Dealer David Zwirner was an underbidder on the record-setting Noland, as was another dealer, Larry Gagosian. Two lots later, an installation piece by Ms. Noland from 1988 (Bloody Mess, containing, among other things, beer cans, handcuffs, rubber mats and carpet) sparked another bidding war between the two dealers, with the piece finally selling to Mr. Gagosian for $422,500.
Albert Oehlen, who recently joined the stable of Gagosian gallery, earned a record near the end of the sale, with the painting Embraceable You (1994), which sold for $698,500. His previous record was $608,944.

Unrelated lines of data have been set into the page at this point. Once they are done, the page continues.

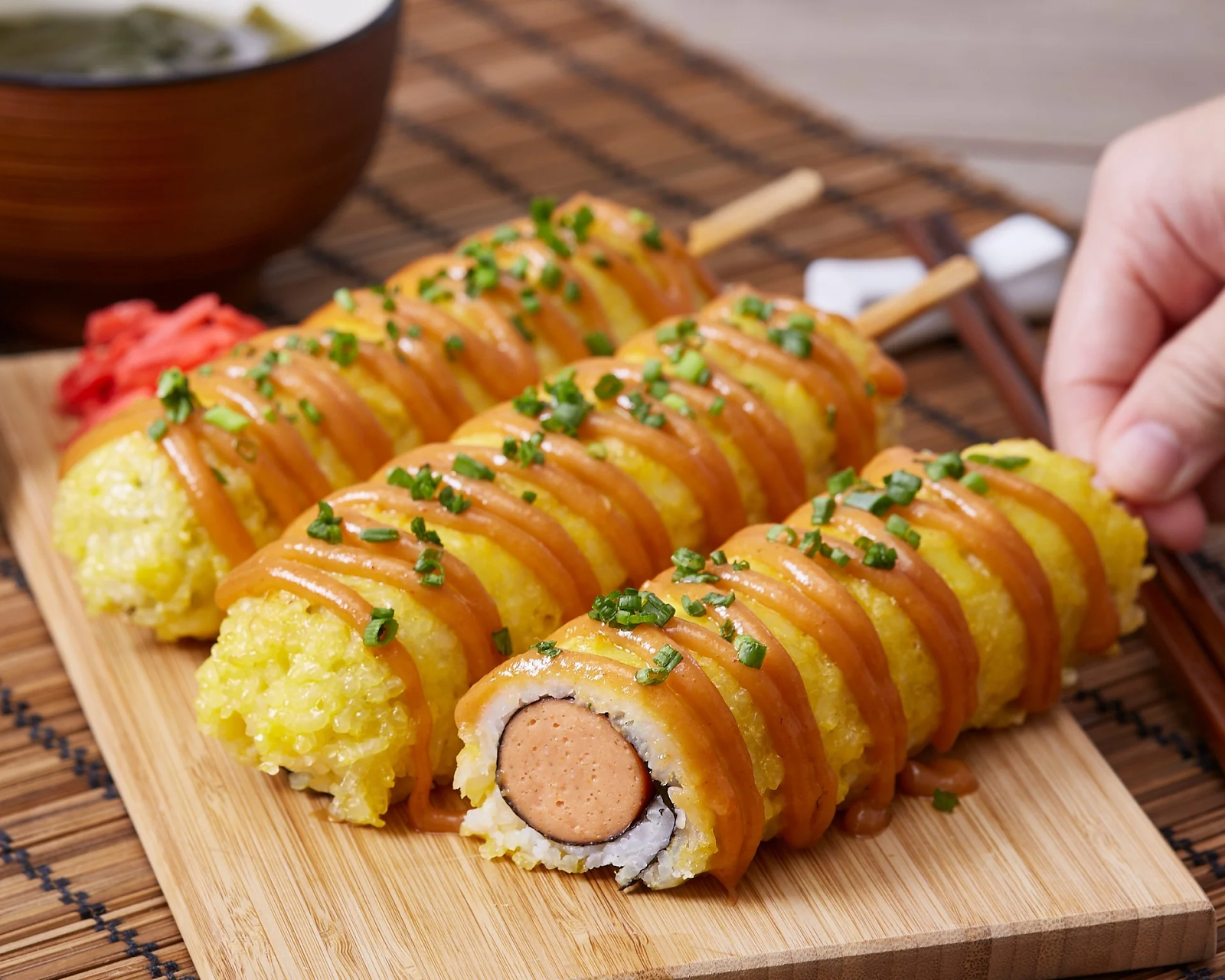 แจกสูตรเด็ด 10 เมนูอาหารญี่ปุ่น พร้อมวิธีทำที่อยู่บ้านก็อร่อยได้ ช่วยเติมความฟินให้กับครอบครัวในทุกวันหยุด EP.25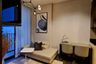 1 Bedroom Condo for rent in Edge Sukhumvit 23, Khlong Toei Nuea, Bangkok near BTS Asoke
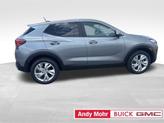Thumbnail of 2026 Gray Metallic Buick Encore GX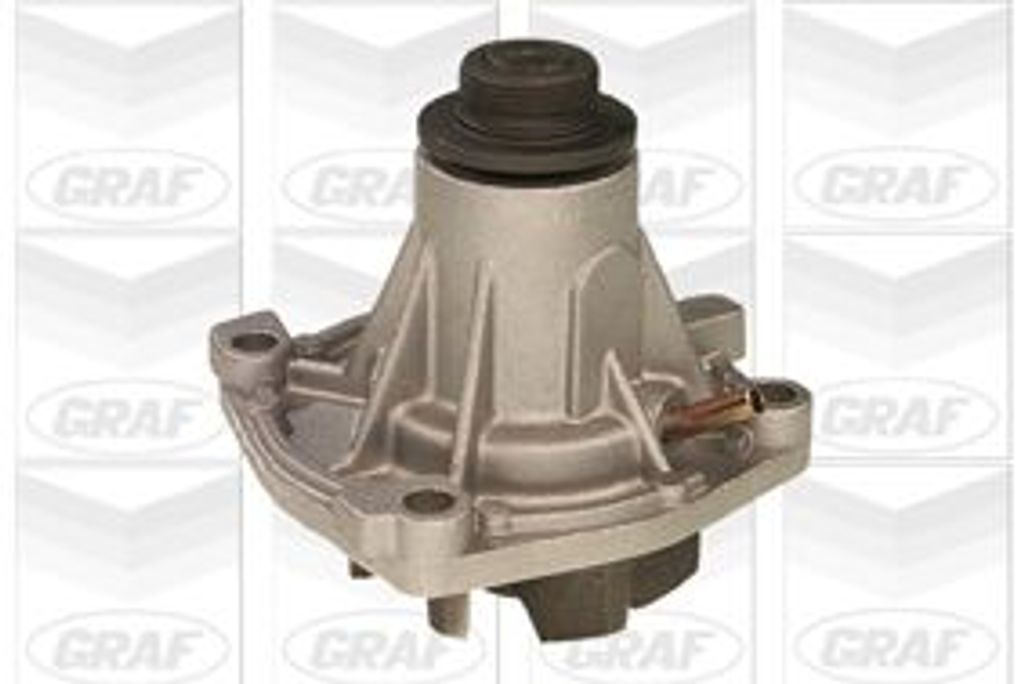 GRAF Kühlmittelpumpe Wasserpumpe für FORD SCORPIO I Stufenheck (GGE) PA420A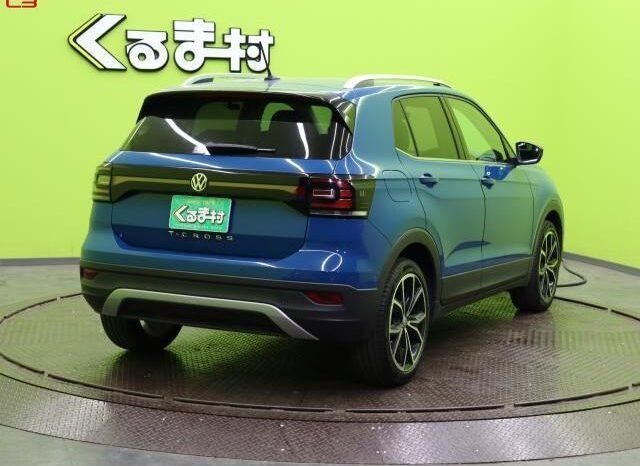 
								VOLKSWAGEN T-CROSS FOR SALE IN KENYA full									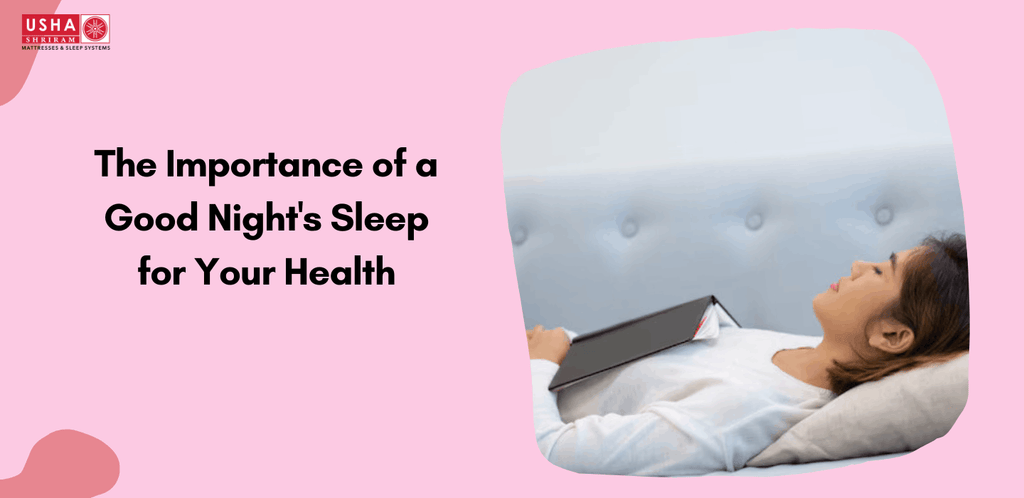 Healthy sleep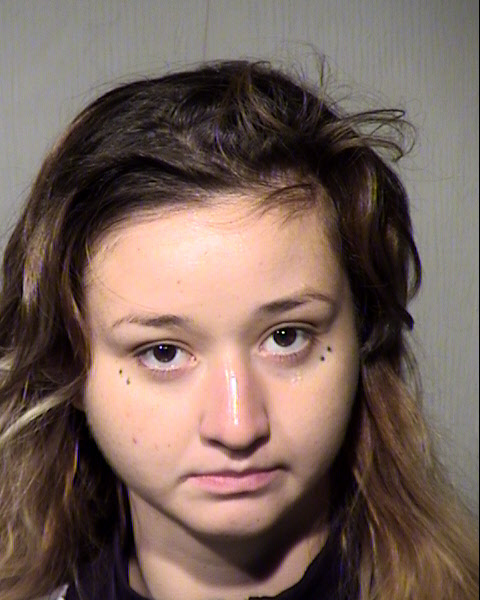 BRIANNA MARIE RODRIGUEZ Mugshot / Maricopa County Arrests / Maricopa County Arizona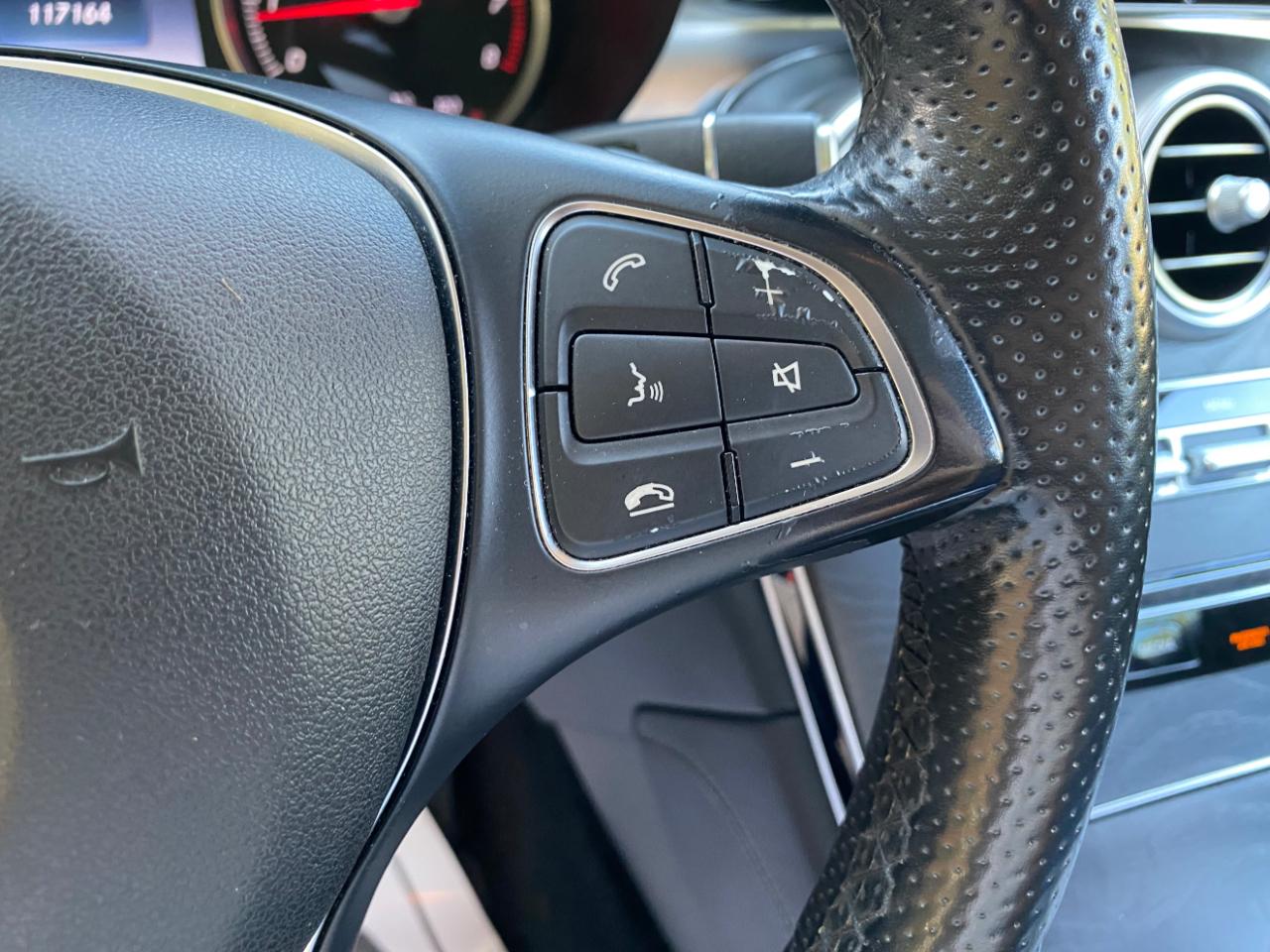 Mercedes-Benz GLC RWD 4dr GLC 300 2016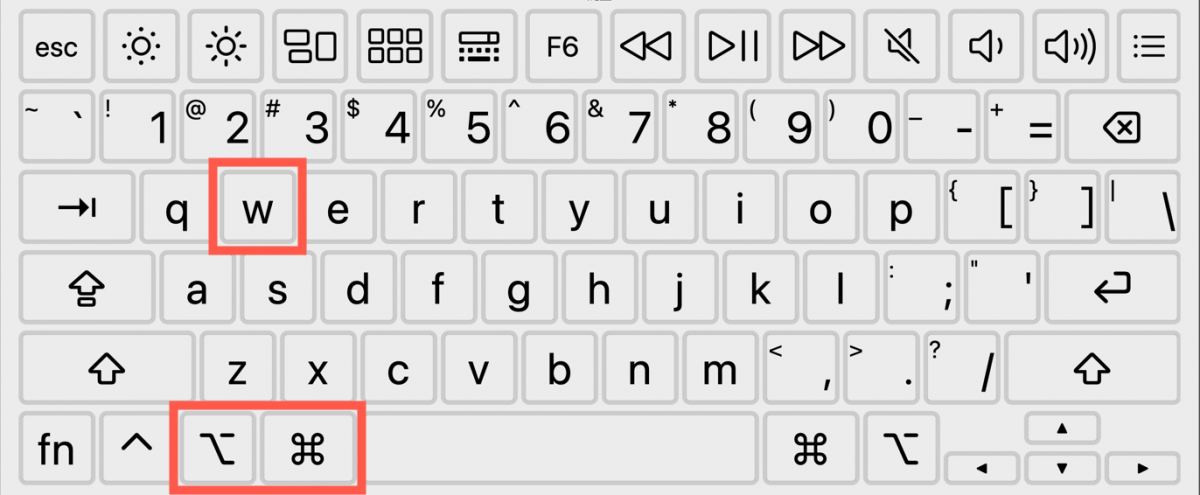 Mac 關閉所有視窗方法教學 圖片4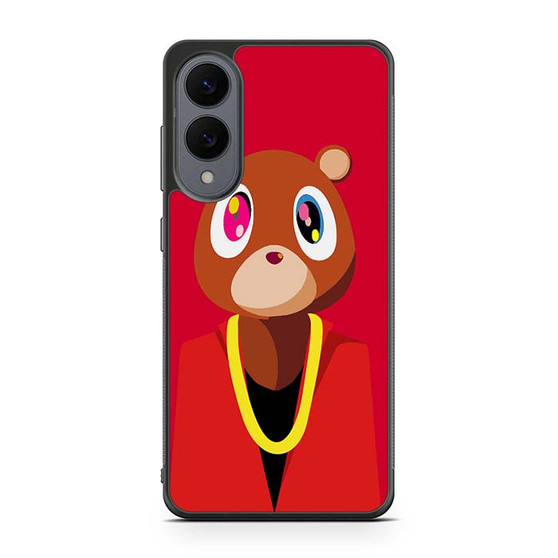 Kanye west bear Samsung Galaxy S25 Edge Case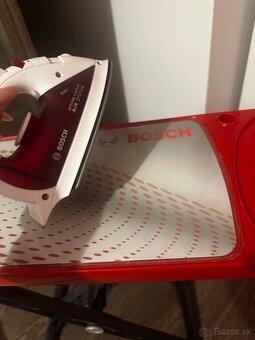 Detská zehliaca doska so zehlickou - 2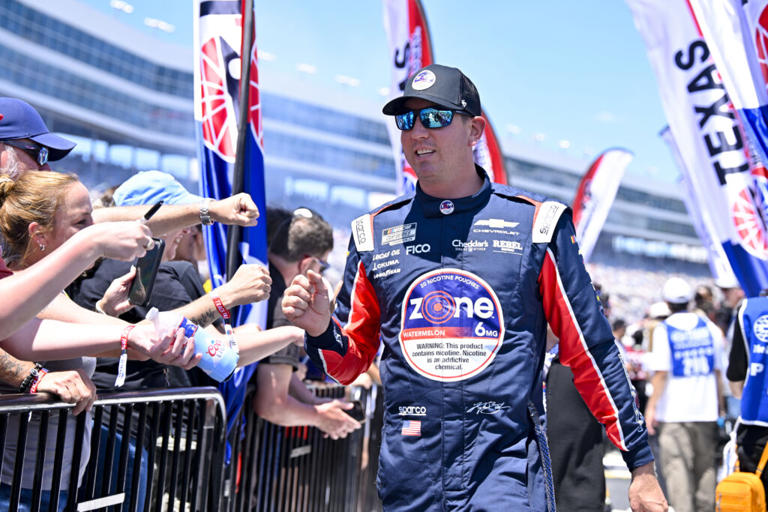 8 best Kyle Busch quotes from NASCAR’s most controversial firebrand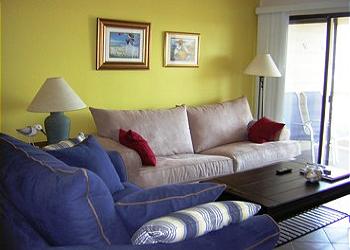 Isle of Palms Condominium rental - Exterior Photo - Living Room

The one major disappointment in the sale was a Mark Rothko from 1962 in which Sotheby’s has a ownership stake. The work, Untitled (Plum and Dark Brown), was estimated to sell for $8 million to $12 million, but was bought in at just $6.75 million.
Speaking after the sale, most of the dealers and collectors were extremely pleased with the results. “The Clyfford Stills were impressive, the Gerhard Richters were impressive,” said Larry Gagosian. “The art market is impressive right now.” He waved away any concerns about the world economy at large, as they might pertain to the art market. “I don’t think it matters. I don’t think it really matters, if the confidence is there. There’s obviously a lot of money in the world, and art’s become a focus.”
Pace Gallery president Marc Glimcher had a not entirely dissimilar theory about art’s place in the broader economy. “Clearly if these things are related, they are related inversely,” he said.